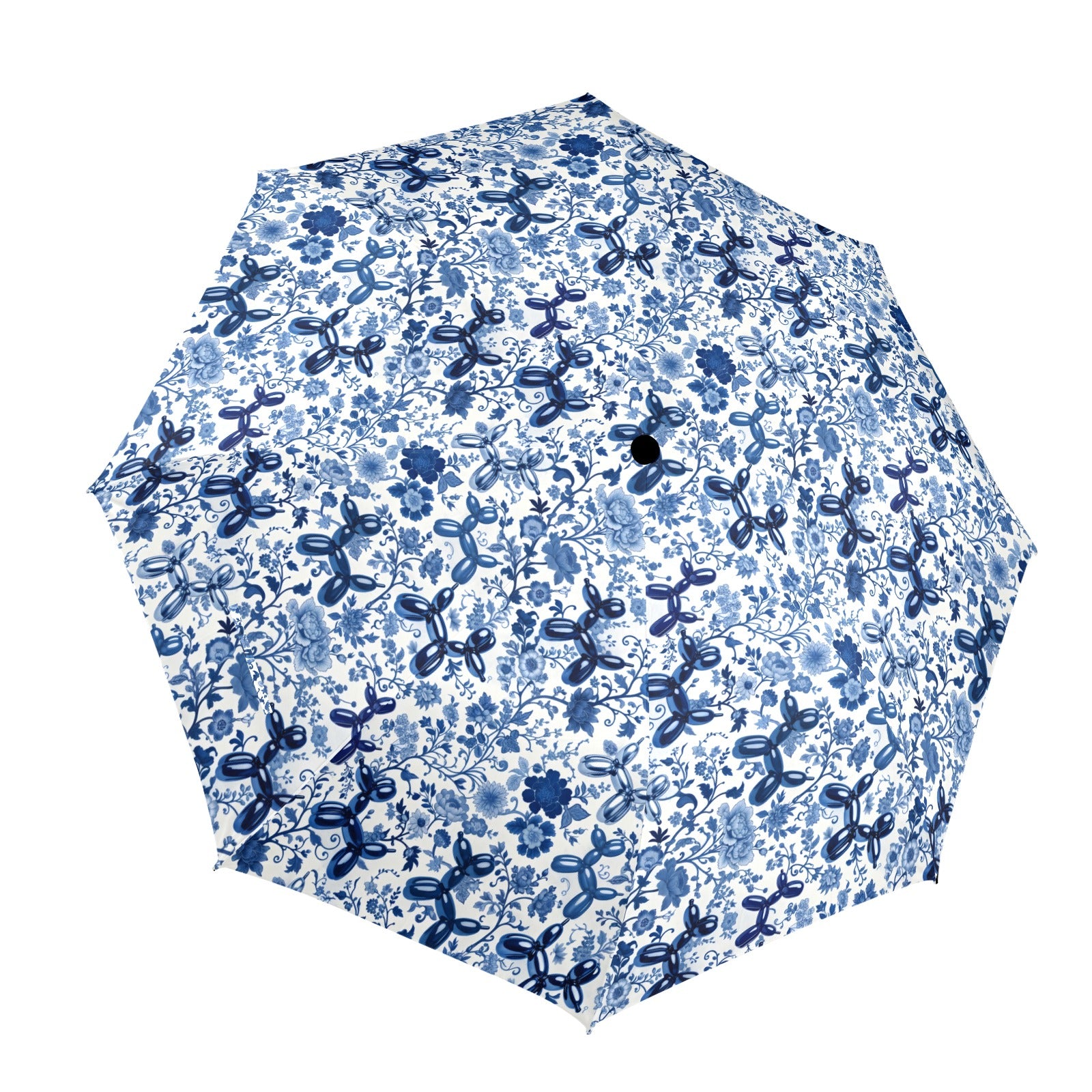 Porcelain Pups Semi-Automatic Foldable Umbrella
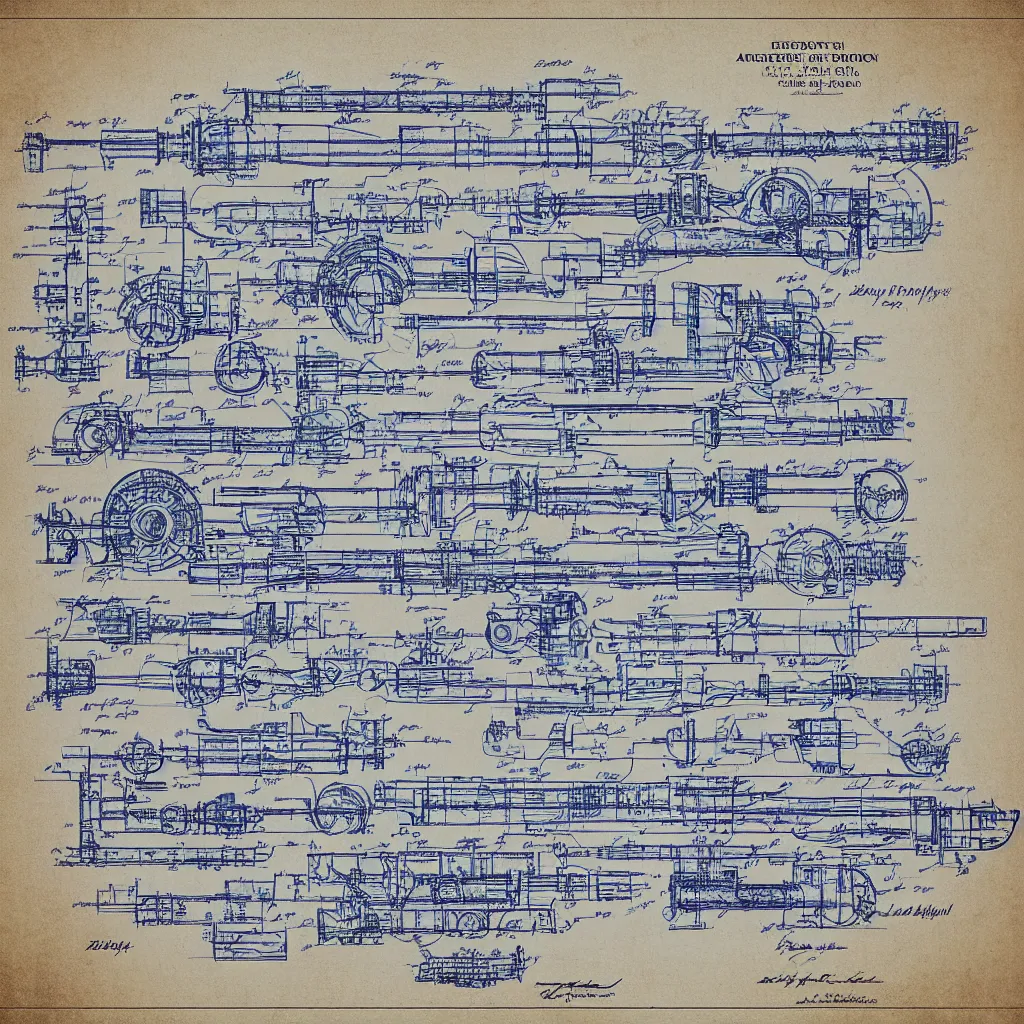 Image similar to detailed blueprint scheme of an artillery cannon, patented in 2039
---
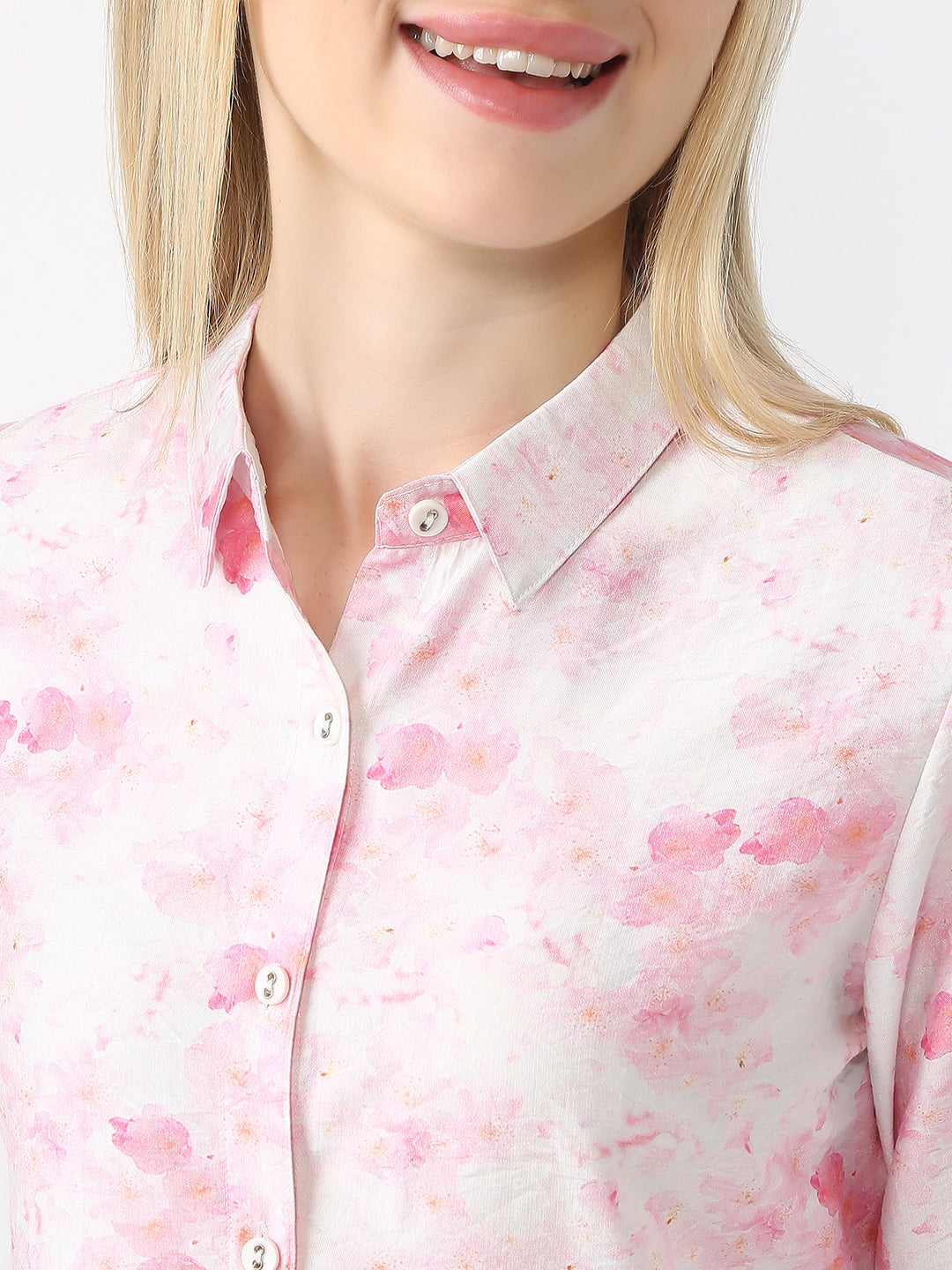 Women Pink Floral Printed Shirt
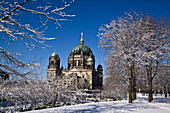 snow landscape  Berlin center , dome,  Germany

EXERCISE GOAL: Whatever pictures the records hold, omit them; give again exactly the lines from the one containing "Porcelain Pups Semi-Automatic" through the one containing "Image similar to".

SOLUTION TO THIS TASK:
 Porcelain Pups Semi-Automatic Foldable Umbrella
 Image similar to detailed blueprint scheme of an artillery cannon, patented in 2039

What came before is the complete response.